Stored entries
----

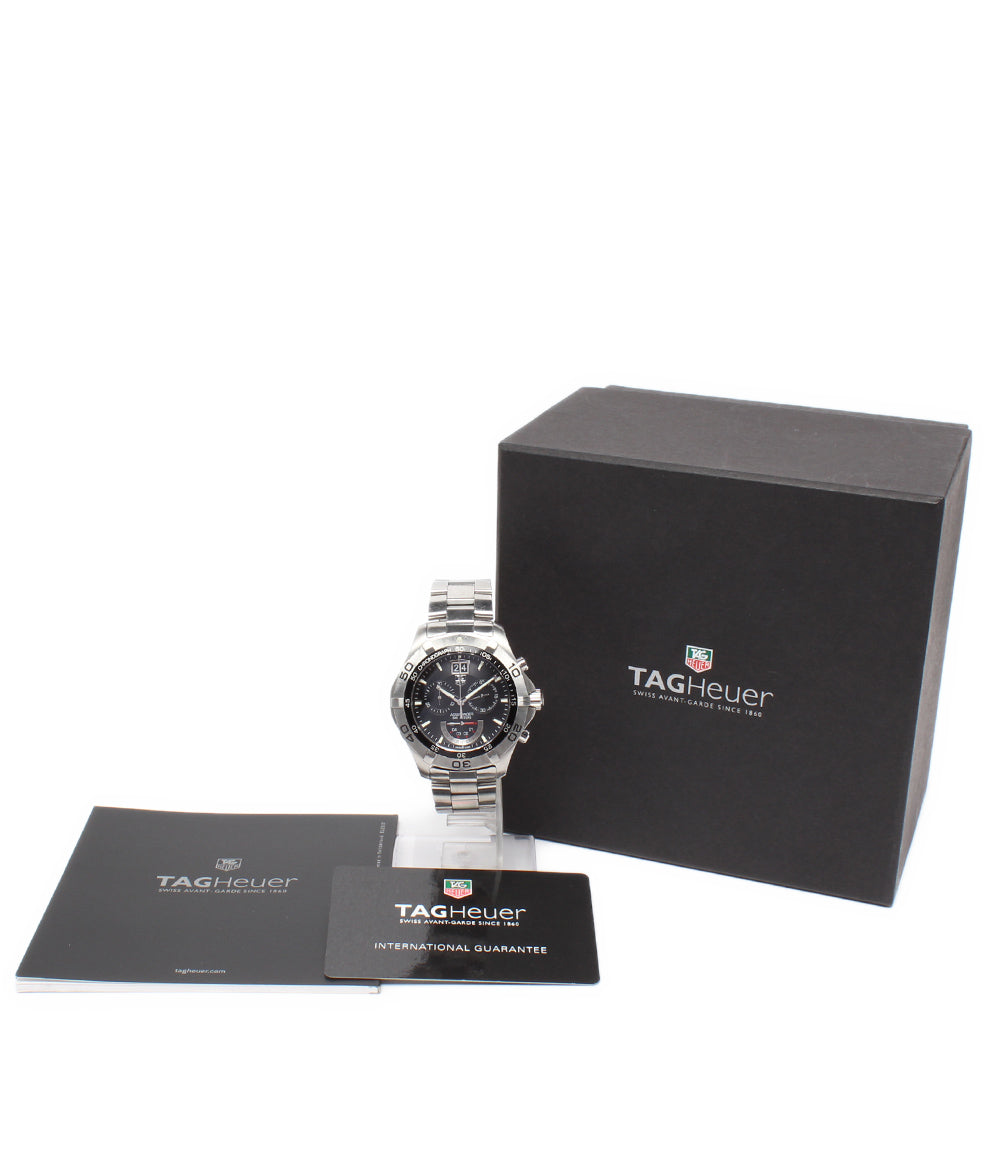 TAG HEUER 腕時計 アクアレーサー クロノグラフ グランドデイト クオーツ ブラック CAF101A.BA0821 メンズ タグホイヤー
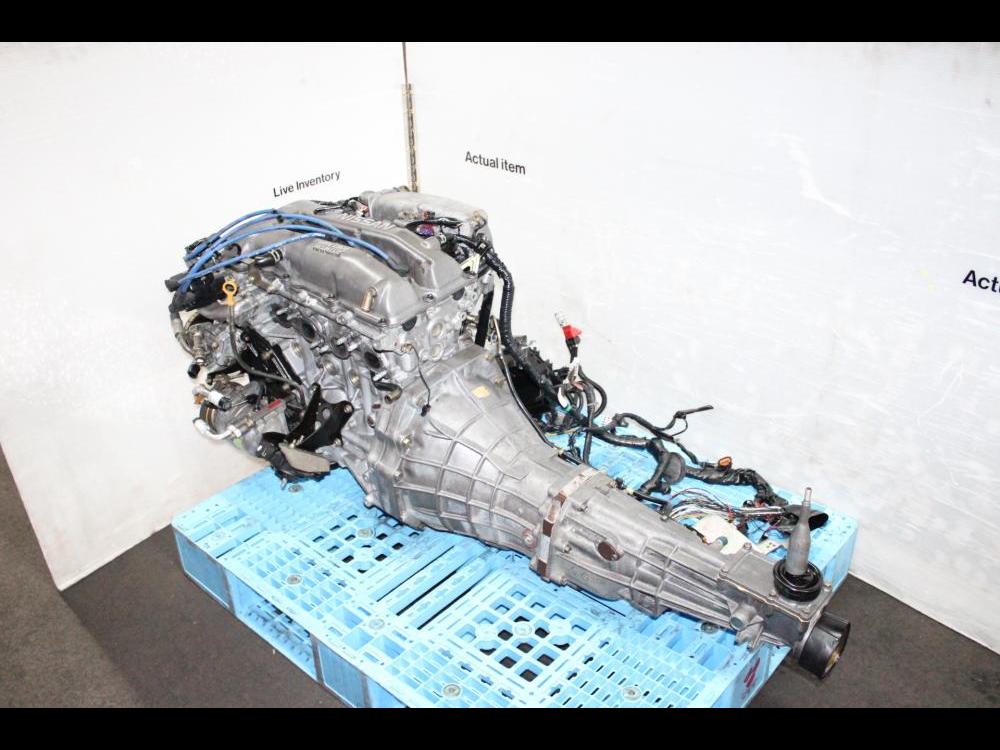 JDM NISSAN 240SX SR20DE MOTOR 5SPEED TRANSMISSION, ECU, WIRING, 180SX S14 ENGINE: Image 5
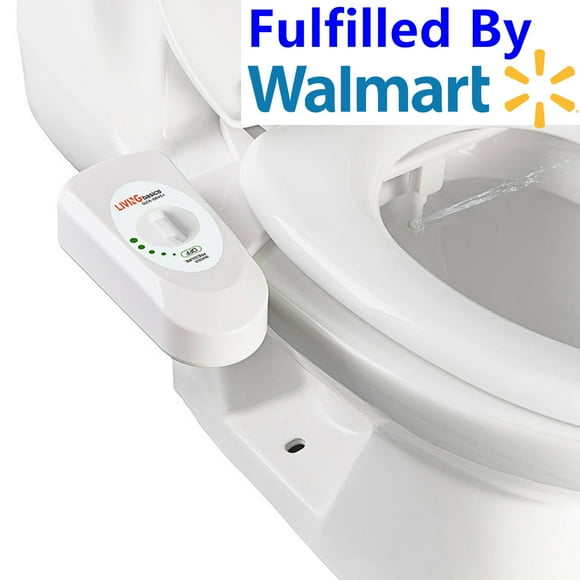 Tolilet Bidet Attachment with Fresh Water Spray, Non-Electric Self-Cleaning Nozzle Mechanical Bidet Toilet Seat Attachment for Curved Toilet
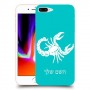 עקרב כיסוי מגן קשיח בעיצוב אישי עם השם שלך ל Apple iPhone 8 Plus יחידה אחת סקרין מובייל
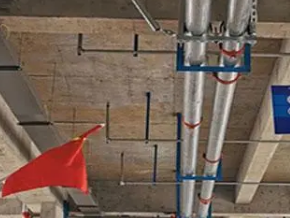 弥勒管廊支架的安装方法
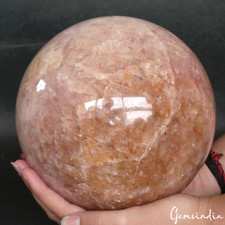 6.7 Kg Natural Large Peach Aventurine Gemstone Crystal Healing Sphere Ball~6.5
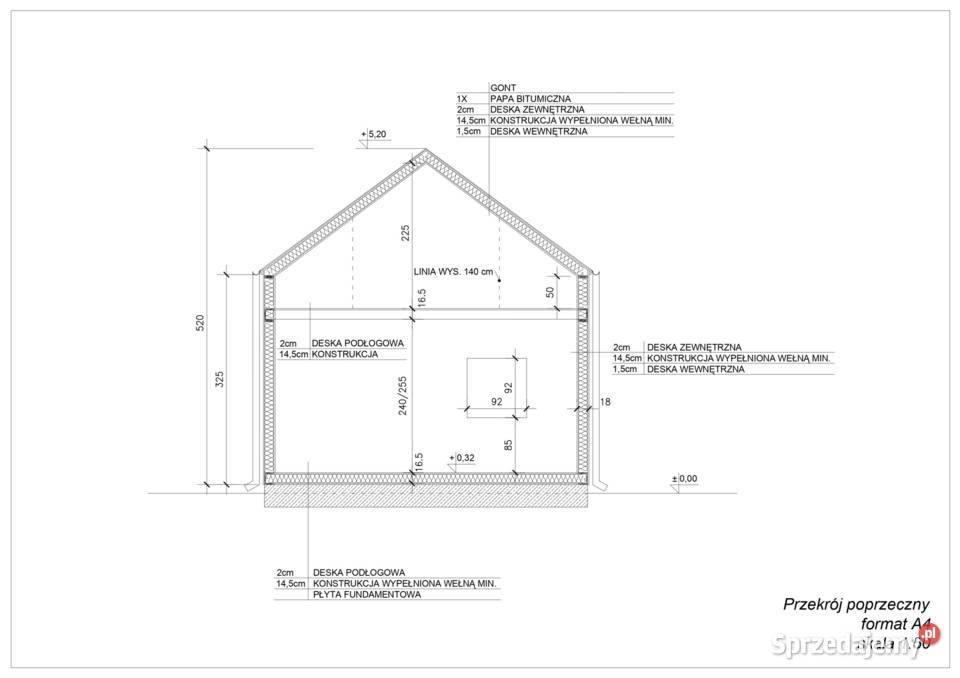 Drewniany domek całoroczny letniskowy 4m5m 1520 Wrocław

----

• _TASK STATEMENT_
Write down all the entries exactly, but not the pictures they hold.

• _ANSWER SECTION_
 TAG HEUER 腕時計 アクアレーサー クロノグラフ グランドデイト クオーツ ブラック CAF101A.BA0821 メンズ タグホイヤー
 JDM NISSAN 240SX SR20DE MOTOR 5SPEED TRANSMISSION, ECU, WIRING, 180SX S14 ENGINE: Image 5
 Tolilet Bidet Attachment with Fresh Water Spray, Non-Electric Self-Cleaning Nozzle Mechanical Bidet Toilet Seat Attachment for Curved Toilet
 עקרב כיסוי מגן קשיח בעיצוב אישי עם השם שלך ל Apple iPhone 8 Plus יחידה אחת סקרין מובייל
 弥勒管廊支架的安装方法
 6.7 Kg Natural Large Peach Aventurine Gemstone Crystal Healing Sphere Ball~6.5
 Drewniany domek całoroczny letniskowy 4m5m 1520 Wrocław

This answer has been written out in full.